Listed records –
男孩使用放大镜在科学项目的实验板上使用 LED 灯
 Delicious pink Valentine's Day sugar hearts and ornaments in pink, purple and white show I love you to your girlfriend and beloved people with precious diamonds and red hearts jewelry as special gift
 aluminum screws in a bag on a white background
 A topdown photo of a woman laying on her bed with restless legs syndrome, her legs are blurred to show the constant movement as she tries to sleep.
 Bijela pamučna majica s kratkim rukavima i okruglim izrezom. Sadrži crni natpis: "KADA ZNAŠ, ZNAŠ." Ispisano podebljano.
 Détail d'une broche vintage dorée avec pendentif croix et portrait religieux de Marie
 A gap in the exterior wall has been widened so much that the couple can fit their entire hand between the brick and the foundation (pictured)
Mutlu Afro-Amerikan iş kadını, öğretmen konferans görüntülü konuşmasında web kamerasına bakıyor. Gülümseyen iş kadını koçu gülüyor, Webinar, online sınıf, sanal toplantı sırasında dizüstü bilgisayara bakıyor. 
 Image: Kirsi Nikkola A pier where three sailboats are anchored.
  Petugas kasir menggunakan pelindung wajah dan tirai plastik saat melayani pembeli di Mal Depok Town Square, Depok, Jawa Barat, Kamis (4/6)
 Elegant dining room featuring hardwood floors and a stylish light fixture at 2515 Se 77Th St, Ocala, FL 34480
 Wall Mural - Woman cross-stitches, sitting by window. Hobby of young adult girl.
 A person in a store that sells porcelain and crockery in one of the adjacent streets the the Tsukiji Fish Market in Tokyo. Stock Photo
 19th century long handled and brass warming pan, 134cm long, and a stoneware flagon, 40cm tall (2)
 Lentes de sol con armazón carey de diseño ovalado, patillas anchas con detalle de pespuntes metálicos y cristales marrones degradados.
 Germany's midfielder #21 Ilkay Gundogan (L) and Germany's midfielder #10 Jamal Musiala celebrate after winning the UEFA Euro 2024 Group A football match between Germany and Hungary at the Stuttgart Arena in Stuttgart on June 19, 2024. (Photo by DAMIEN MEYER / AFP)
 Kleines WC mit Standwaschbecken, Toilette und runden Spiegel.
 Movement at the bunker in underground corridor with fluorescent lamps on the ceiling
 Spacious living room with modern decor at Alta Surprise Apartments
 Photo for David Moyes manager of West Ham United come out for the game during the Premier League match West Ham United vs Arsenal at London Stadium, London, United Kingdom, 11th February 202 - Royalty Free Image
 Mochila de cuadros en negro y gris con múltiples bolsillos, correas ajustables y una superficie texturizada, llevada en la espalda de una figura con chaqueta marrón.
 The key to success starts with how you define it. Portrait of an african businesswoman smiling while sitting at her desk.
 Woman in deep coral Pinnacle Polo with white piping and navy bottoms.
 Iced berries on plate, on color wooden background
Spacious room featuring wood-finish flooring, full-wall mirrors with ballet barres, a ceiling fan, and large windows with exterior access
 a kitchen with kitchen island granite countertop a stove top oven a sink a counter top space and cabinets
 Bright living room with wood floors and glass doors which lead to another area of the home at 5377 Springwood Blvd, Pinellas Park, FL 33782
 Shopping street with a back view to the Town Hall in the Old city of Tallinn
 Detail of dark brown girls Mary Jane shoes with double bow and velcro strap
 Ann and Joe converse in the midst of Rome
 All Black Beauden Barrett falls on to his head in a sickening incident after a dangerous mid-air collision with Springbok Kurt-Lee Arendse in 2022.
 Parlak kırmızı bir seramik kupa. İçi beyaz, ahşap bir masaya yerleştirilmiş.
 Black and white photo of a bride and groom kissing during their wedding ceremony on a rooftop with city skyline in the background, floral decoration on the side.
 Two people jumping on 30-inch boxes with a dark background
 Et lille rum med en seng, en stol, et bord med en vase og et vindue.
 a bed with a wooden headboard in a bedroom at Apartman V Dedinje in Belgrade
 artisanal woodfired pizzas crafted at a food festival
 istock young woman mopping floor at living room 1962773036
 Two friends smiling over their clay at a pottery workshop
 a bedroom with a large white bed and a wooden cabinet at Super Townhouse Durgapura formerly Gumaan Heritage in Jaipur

About this task –
Starting at the top of the data above, repeat every line exactly until the line containing "A topdown photo" has been given, then stop.

Your solution –
男孩使用放大镜在科学项目的实验板上使用 LED 灯
 Delicious pink Valentine's Day sugar hearts and ornaments in pink, purple and white show I love you to your girlfriend and beloved people with precious diamonds and red hearts jewelry as special gift
 aluminum screws in a bag on a white background
 A topdown photo of a woman laying on her bed with restless legs syndrome, her legs are blurred to show the constant movement as she tries to sleep.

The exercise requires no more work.